▸ To do: Nothing in the records may be altered, and no picture may be included. Restate them in full.

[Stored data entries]
-=-=-
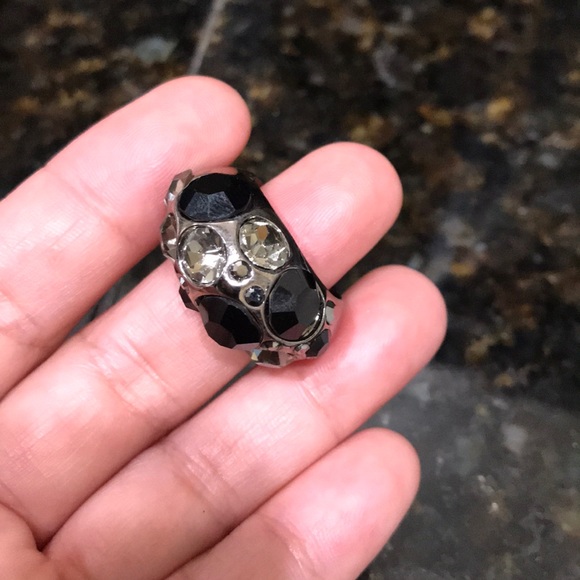 Jewels by Park Lane Genuine Swarovski Crystal  ring size 8 MSRP $88 - Picture 5 of 6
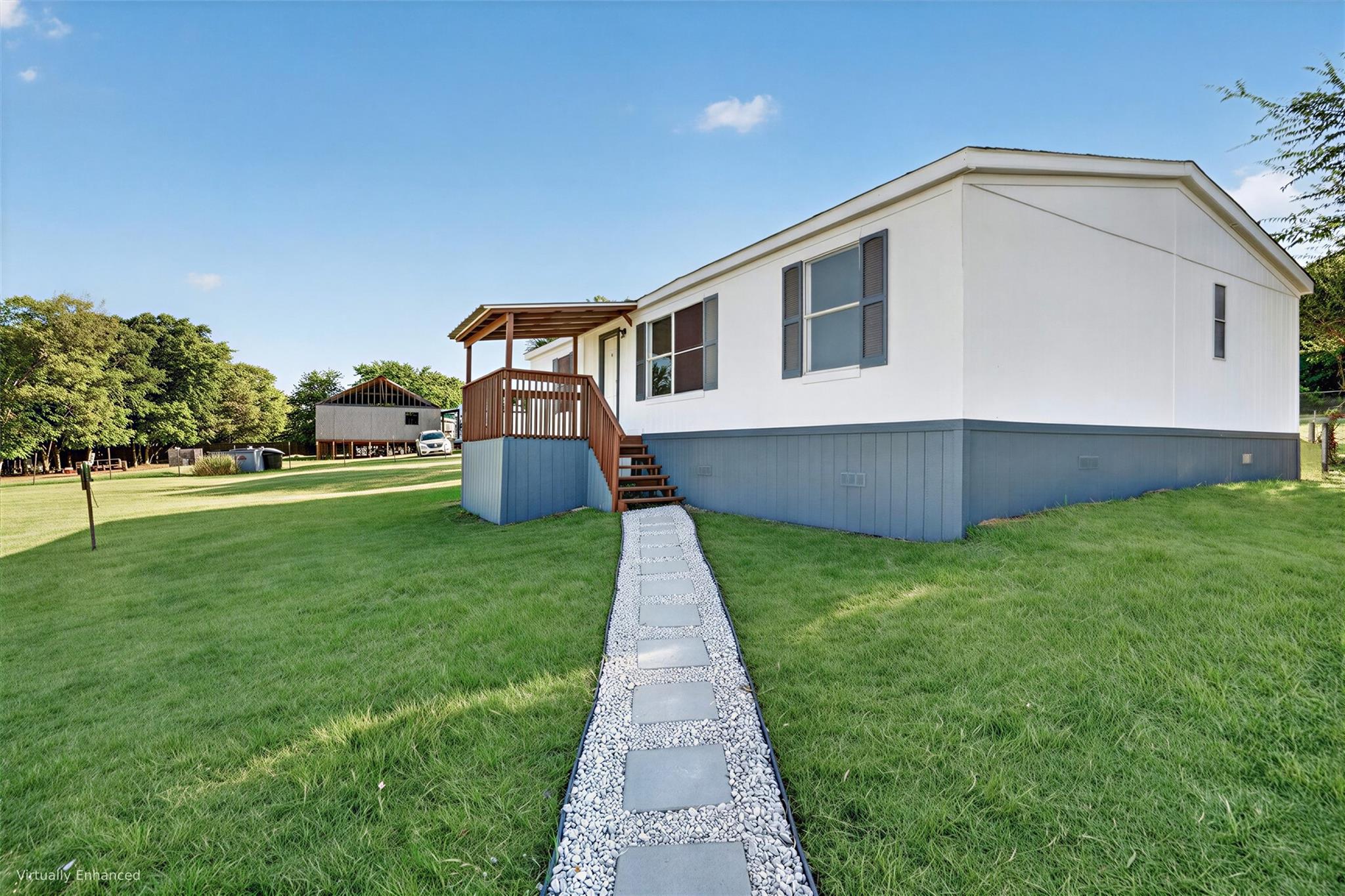 main property photo 29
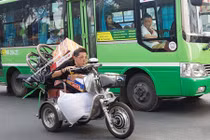 Nhói tim với hai hình ảnh chiều giáp tết Sài Gòn 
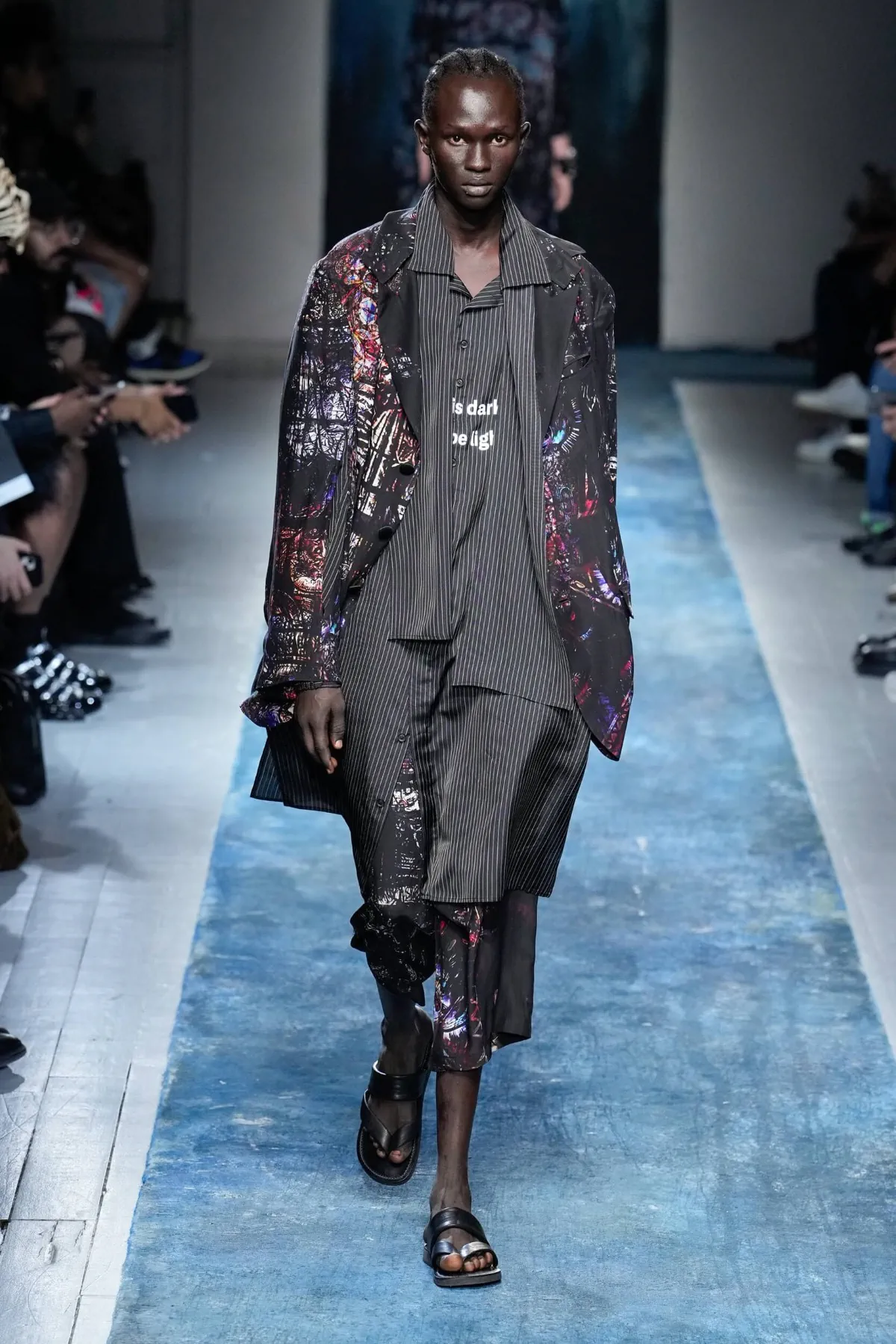 La collection Printemps 2026 de Yohji Yamamoto révèle un créateur en colère contre le monde moderne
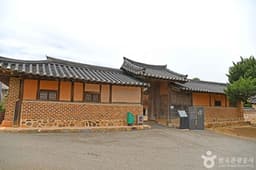 아산 윤보선 대통령 생가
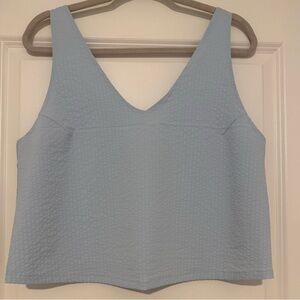 NWOT Vuori Light Blue Textured V-Neck Tank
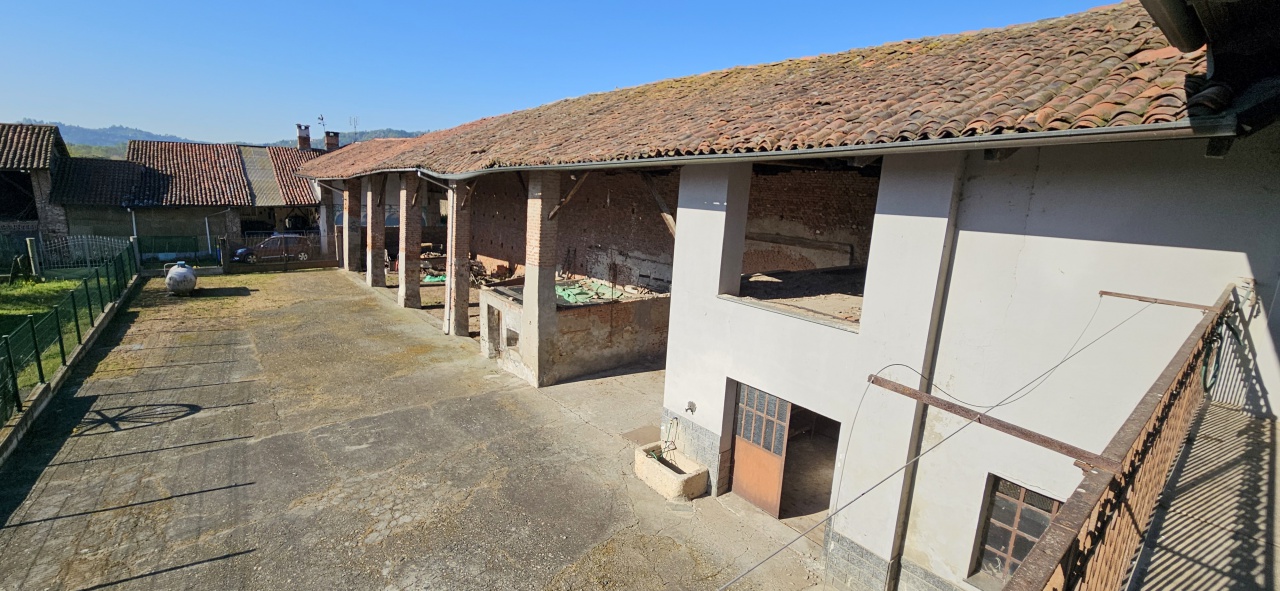 Casa indipendente con giardino in via poasso, Chivasso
-=-=-
▸ Solution for this problem:
 Jewels by Park Lane Genuine Swarovski Crystal  ring size 8 MSRP $88 - Picture 5 of 6
 main property photo 29
 Nhói tim với hai hình ảnh chiều giáp tết Sài Gòn 
 La collection Printemps 2026 de Yohji Yamamoto révèle un créateur en colère contre le monde moderne
 아산 윤보선 대통령 생가
 NWOT Vuori Light Blue Textured V-Neck Tank
 Casa indipendente con giardino in via poasso, Chivasso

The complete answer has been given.